Lessons from radio waves

* As a recreationist contemplating forces of nature, I have believed that electromagnetic fields and waves summate but do not interact among themselves, that they do interact with particles which produce, absorb, reflect, refract and diffract EM fields and/or waves.  I wonder whether that belief agrees with serious theory.
* Consistent with my belief, waves pass through fields emerging intact, opposing waves pass through each other and proceed unaffected (as in standing waves), and neighboring waves interfere constructively, a summative relation not an interactive one.  But it's hard to reconcile this belief with my belief about radio waves.
* Specifically, I believe that each phase of a radio wave is a shower of short (perhaps IR-length) photons of phase-specific spin.  The EM energy doesn’t come from the transmitter antenna as a whole, it comes from charged-particles accelerated where the EMF pulse is progressing along the antenna.  EM energy coming from an electron near one end early in a phase should not know that it is associated with EM energy coming from an electron near the other end later in that phase.
* Giving me pause is the fact that radio waves bend around obstructions, diffract in grids, filter on macroscopic polarizers and penetrate walls as if they were very long unitary photons rather than showers of much shorter like-spinning photons.  Perhaps photons contributing to a larger wave somehow interact with structures as if they were integral to the wave, implying communication across the wave (in space and time) that I wouldn’t anticipate.
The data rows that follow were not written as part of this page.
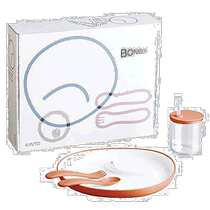 KINTO childrens tableware set Bangbao kids 4 points orange 26388 manufacturing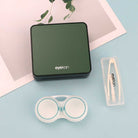 Contact Lens Case High Quality Travel Kit Design Travel Portable Solid Color Lens Cover Container Beauty Pupil Storage Soaking Box Eyewear Accessories
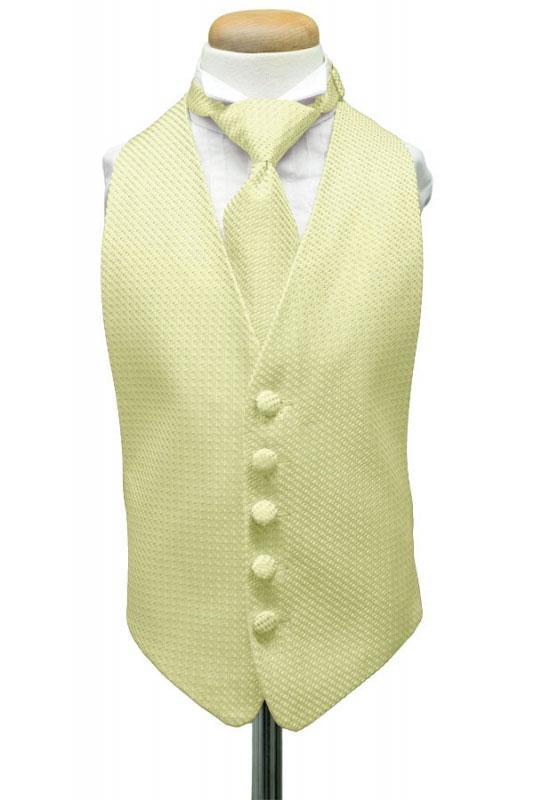 Cardi Honey Mint Venetian Kids Tuxedo Vest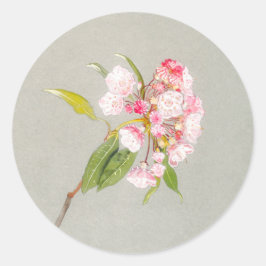 Calcomanía de Flor de Laurel de Montaña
*  This might be analogous to the behavior of particles in the double-slit experiment, exhibiting statistics as if responding to distant untouched structures. Attempts to reconcile the double-slit results became foundational to quantum mechanics theory.  Perhaps something enlightening will derive from attempts to reconcile particulate, spatially-separated and temporally-separated photon emission with unitary radio-wave action.  This would imply interaction among photons within a shower of photons, contrary to my beliefs expressed at the outset.